It's the responsibility of anyone opening a car door to check that it's safe.


----------



## glasgowcyclist (19 Mar 2014)

Hotchilidamo said:


> Wow a lot of hostility to my comment there.


 
No there wasn't. People disagreed with you and offered practical suggestions as to how the passenger might have avoided hitting the cyclist. 
Even you accept that he should have looked.

GC


----------



## sazzaa (19 Mar 2014)

I'm wondering if the taxi should have stopped closer to the kerb to let people out? As in, waited until it was clear then dropped passengers off safely instead of dumping them in the middle of the road? Yes he'd be blocking whatever that lane is supposed to be, but surely it's the safer option?


----------



## Ruthie (19 Mar 2014)

Cycle lanes. Encouraging overtaking on the inside since 19**.


----------



## glasgowcyclist (19 Mar 2014)

[QUOTE 2985027, member: 259"]There's absolutely no way I'd have ridden up a tiny narrow gap between the kerb and a taxi that was indicating and halting, [/QUOTE]

I don't see the taxi indicating, and it remains out in the line of traffic queuing for the lights. 

GC


----------



## algo (19 Mar 2014)

the man now appears mildly apologetic, no doubt devastated that this bit of media attention accidentally publicised his business... aside from any issues about who exactly is to blame, I really think the cyclist in question was very calm. Perhaps Mr Hunter would like to show how calm he is after falling off a bike?


----------



## steveindenmark (19 Mar 2014)

There is a big difference between making a mistake and being rude.

She made a mistake. Even if that is a cycle path I would not have gone through that gap. The taxi driver made a big mistake. If he had done that in the UK he would be possibly committing an offence, if there was injury or damage. The guys were just arxeholes. 

How could it have been avoided? Simple by the taxi driver pulling right over to the kerb and blocking the alleged cycle path...shock...horror.

It is common and accepted practice when coming up to lights in Denmark. The cars pull over to the right and it stops cyclists sneaking down the Inside. It sounds bad but works well. In 11 years I have not seen any cyclists complain about it.

But she had a great attitude. If it had been a guy it would have been swearing and punches...well this man anyway.

Ride like a woman.

Steve


----------



## fossyant (19 Mar 2014)

algo said:


> the man now appears mildly apologetic, no doubt devastated that this bit of media attention accidentally publicised his business... aside from any issues about who exactly is to blame, I really think the cyclist in question was very calm. Perhaps Mr Hunter would like to show how calm he is after falling off a bike?


 
Don't be daft, you can see he hasn't been on a bike, he has the physique of a telly tubby. 

To be frank, I've got the opinion it's not worth talking to twunts like that.
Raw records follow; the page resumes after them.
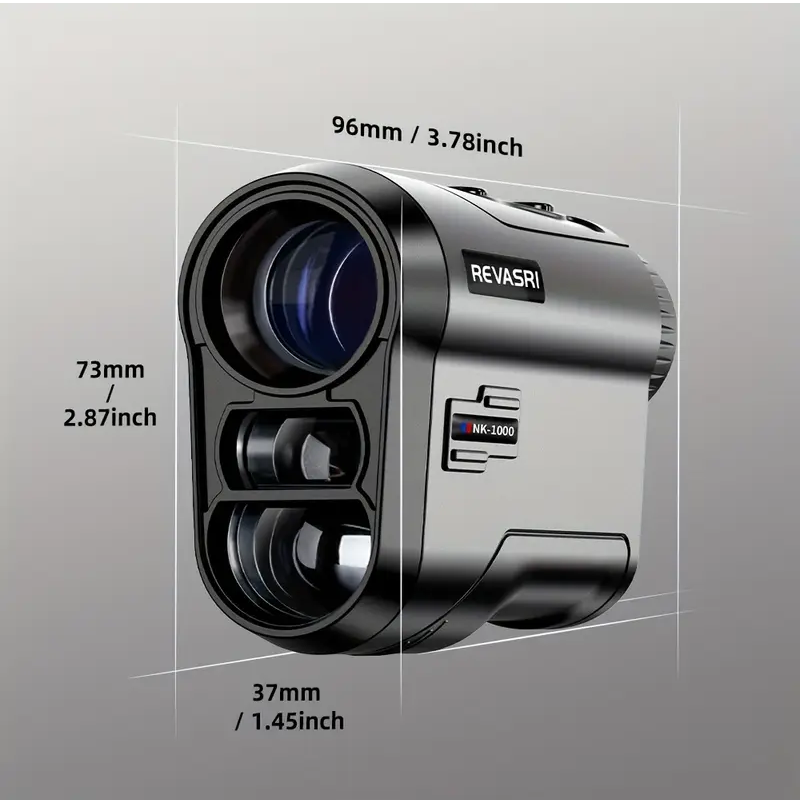 Revasri laser rangefinder with dimensions labeled on a gray background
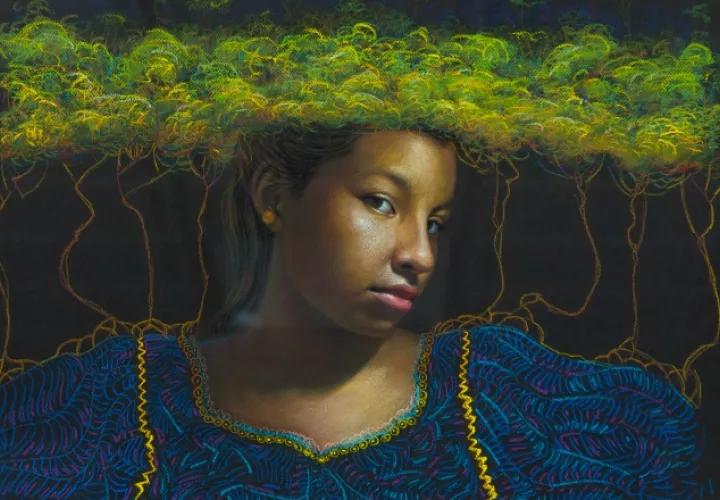 Hermosa pieza artística de Lucio López Kansuet,  pintor de Guna Yala. Por años, él ha estado respaldando la acción benéfica de la ONG. /Foto Cortesía.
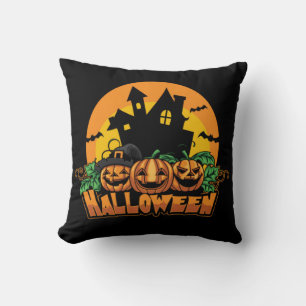 Halloween Haunted House Pumpkins Throw Pillow
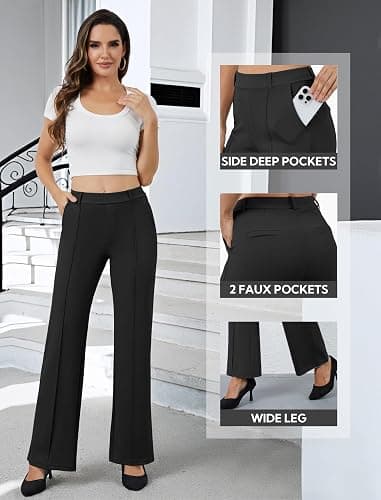 DLOODA Women's Work Dress Pants Wide Leg Business Casual Slacks Stretchy Pull on High Waisted Office Trousers with Pockets thumbnail 2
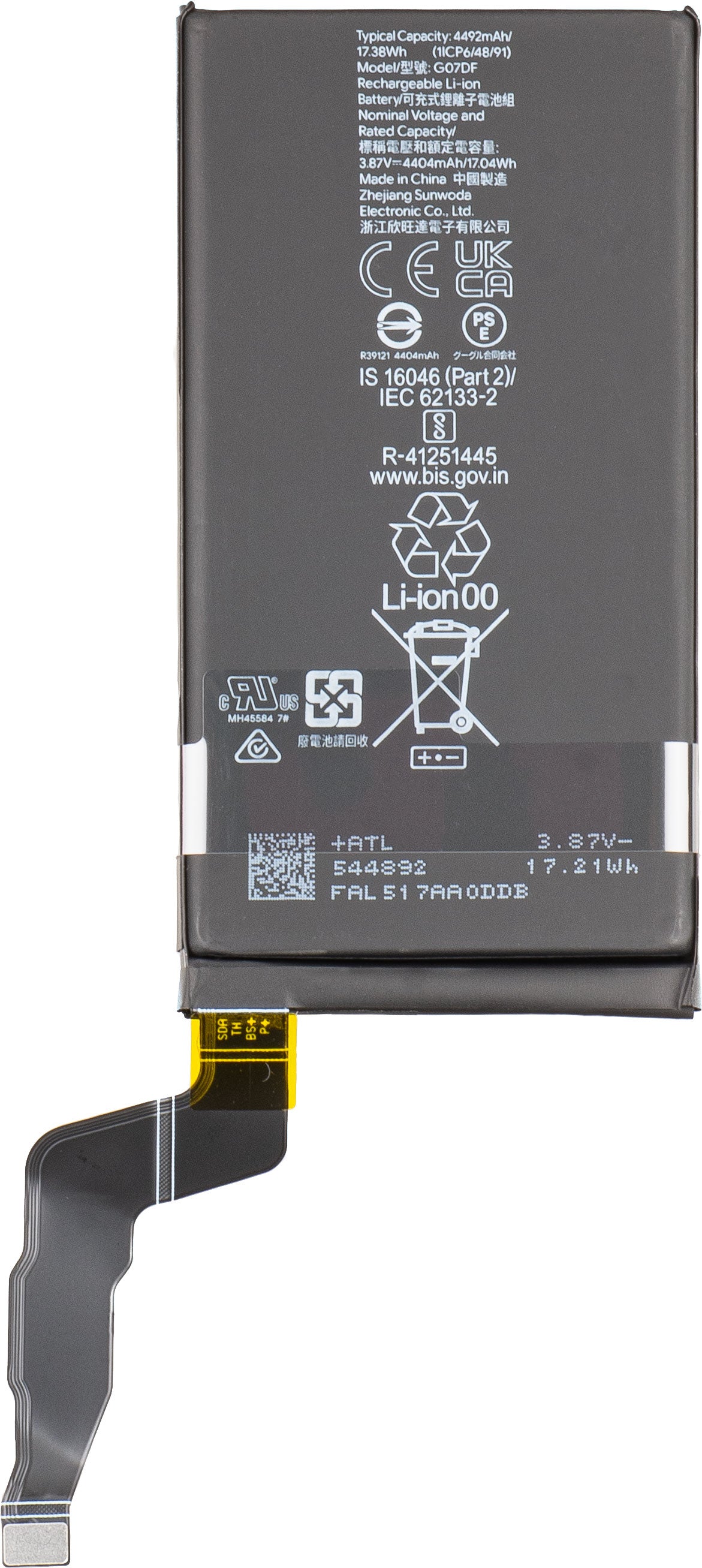 Batteri Google Pixel 8a, G07DF, Service Pack G949-01097-00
All three needed d-locking !


----------



## Colin B (19 Mar 2014)

Just my 2 cents but I think all taxis should be fitted with passenger doors auto locking and the driver should unlock and allow passengers to exit when he feels its safe . He has the advantage of mirrors to view the rear . Not saying this passenger wasn't an arse but it could eliminate some dooring accidents


----------



## subaqua (19 Mar 2014)

Hotchilidamo said:


> Wow a lot of hostility to my comment there. If you stop one second and look at it from a taxi passenger's perspective, he probably hasn't been paying attention to the road markings, he's probably been busy talking to colleagues in the back of the cab, the cabbie says you may as well get out here guys the traffic is bad, he opens the door. Its a fairly *innocent mistake if you put yourself in the his shoes*. Sure he should have looked but I can understand why he didn't and I don't think that should be so hard for anyone to see.
> 
> His actions after the event are not good and I'm not defending that
> 
> A bit worrying you guys can only see one perspective here and not the whole picture


 

Not hard to do a shoulder check before exiting a vehicle. my dad taught me to do that when i was about 6 or 7 and my 6 yr old looks before he opens. I still shoulder check whatever vehicle I am in and am far from Mr Perfect.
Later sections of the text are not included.